Yapılacaklar listemdeki maddelerden biri de, daha önce okuduğum ve tadı dimağımda kalan kitapları tekrar okuyabilmek. Bu vesile ile, bu hafta sonunda Ahmed Hulusi’nin Evrensel Sırlar isimli kitabını bir kez daha okumak nasip oldu.
Ahmed Hulusi yazarın müstear adı. Kitsan yayınlarından çıkan siyah kapaklı kitapları ile meşhur bir zat. Kitapları Kur’an mesajı ve tasavvuf üzerine. Hulusi’nin ilginç bir paradigması olduğunu söyleyebilirim. Zira kitaplarında, vahdet-i vücud felsefesini “rasyonel” temeller üzerine oturtan açıklamalar mevcut. Rasyonalite ve vahdet-i vücud’un yanyana gelmesi ilk bakışta tuhaf karşılanabilir. Elbette ki kastım öncül ve ardılları ile tutarlı bir sistem sunuyor olması Ahmed Hulusi’nin.
Evrensel Sırlar yazarın külliyatında hem fantazya hem de “hikâye” olması hasebiyle hususi bir yere sahip. Zannediyorum ki Ahmed Hulusi külliyatında benzer başka bir kitap yok.
Yıllar önce Büyükçekmece’deki Yıldız Kitabevi’nde çalışırken neredeyse bütün gün kitap okur, müşteri gelmedikçe başımı kitaplardan kaldırmazdım. Hemen oturduğum yerin yanı başındaki rafta siyah, üzerinde yeşil yazılar olan kitaplar hiç dikkatimi çekmemişti. Bu kitaplardan almaya zaman zaman iki hanımefendi gelirdi sadece. Daha çok tasarımı ile benim zihnimde ürün kataloğu hissiyatı uyandırmış bu kitaplara bakmak nedense hiç içimden gelmemişti.
Bir gün büyükçe bir sandalyeye değil de, küçük bir tabureye oturunca Hulusi’nin kitapları göz hizamda kalmıştı. Kitaplardan bir tanesini alıp, ilk o zaman bakmıştım.
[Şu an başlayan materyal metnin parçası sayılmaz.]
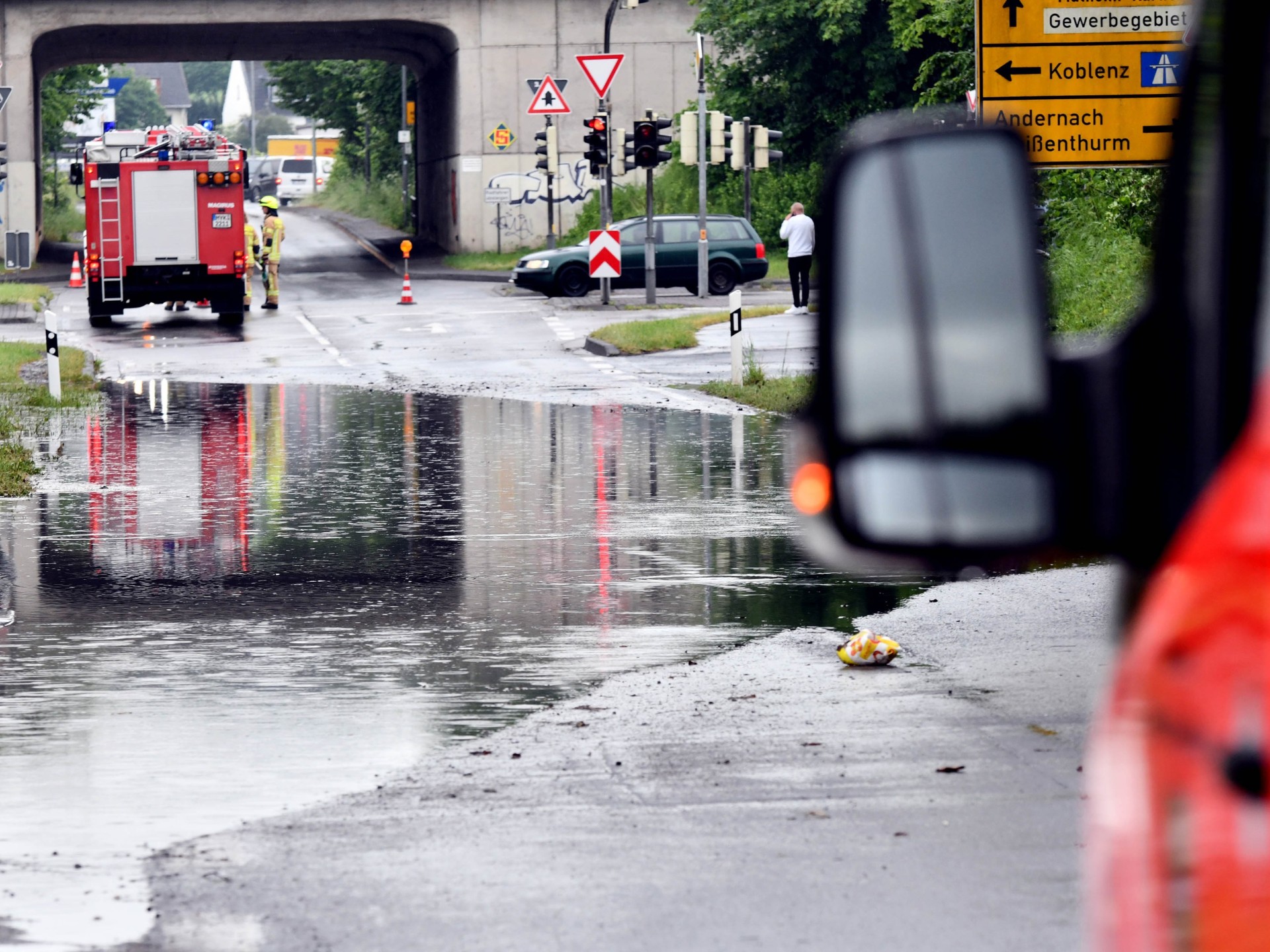 Foto Infoveranstaltung Hochwasserkonzept Eine überflutete Straße wird von Feuerwehrfahrzeugen bewacht.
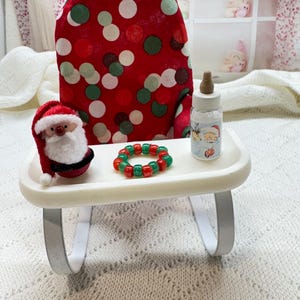 May include: A miniature high chair with a red fabric seat featuring white, red, and green polka dots. On the white tray sits a small Santa Claus figurine, a red and green beaded ring, and a miniature baby bottle with a Santa graphic.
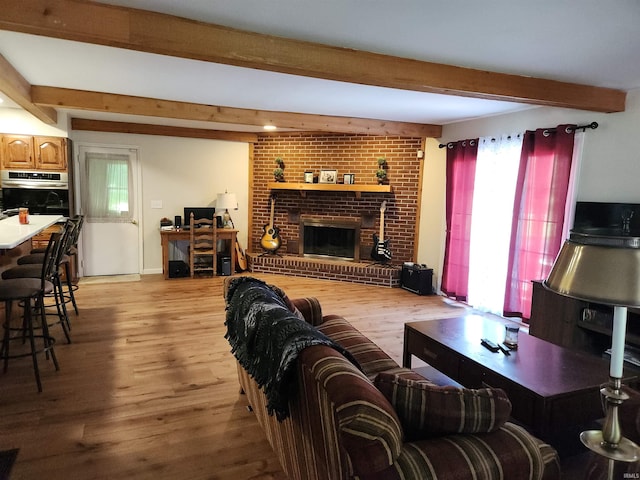 living room featuring a fireplace, beamed ceiling, and light wood finished floors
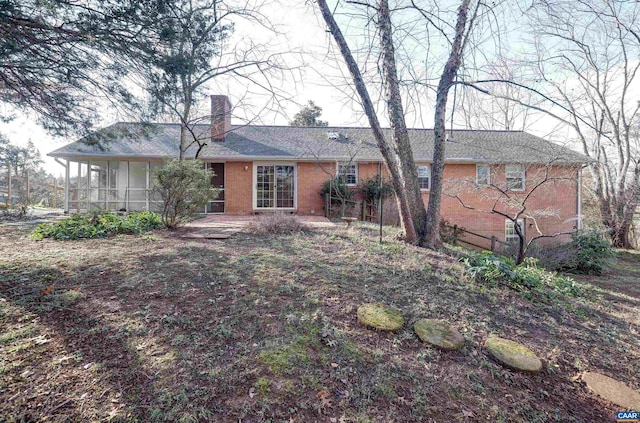 back of house featuring a sunroom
Hz. Muhammed’in Açıkladığı Allah, isimli kitaptı. O zamanlar dinle, diyanetle, maalesef, pek işim olmadığı için birkaç sayfa sonra gerisin geri kitabı rafa bırakmıştım.
Ahmed Hulusi’nin eserleri ile ilk tanışmam bu şekilde olmuştu. Sonrasında hem mahalleden tanışım, hem de aynı işyerinde çalışmamızın nasip olduğu Burak isimli arkadaşımın sıkı bir Ahmed Hulusi okuru olduğunu öğrendim. Burak kıl çadırdan yapılan çaybahçesindeki tüm sohbetimizde konuyu evirip çevirip bir şekilde “Üstad”ına bağlıyordu. Sükuneti, beyefendiliği ile çok değer verdiğim bu arkadaşımın ruh dünyasında derin izler bırakan yazarı daha da çok merak etmeye başlamıştım. Sağ olsun Burak’tan ödünç aldığım, bir kısmını geri vermediğim yazara ait bütün kitapları bitirdim. En ilginç bulduğum kitabı ise fantastik bir hikâye olması sebebiyle Evrensel Sırlar olmuştu.
Evrensel Sırlar isimli kitap İdepya isimli gezegenden dünyamıza gelen Elf ismindeki nurani bir varlığın, Cem adındaki bir felsefe öğretmeni ile kurduğu iletişimi ve “evrensel gerçekler” etrafındaki sohbetlerini konu alıyor. Geçtiğimiz günlerde Youtube’da da kitabın seslendirilmiş bir versiyonunu da görünce sevindim. Zira, pekâla dinlenebilecek türden de bir eser.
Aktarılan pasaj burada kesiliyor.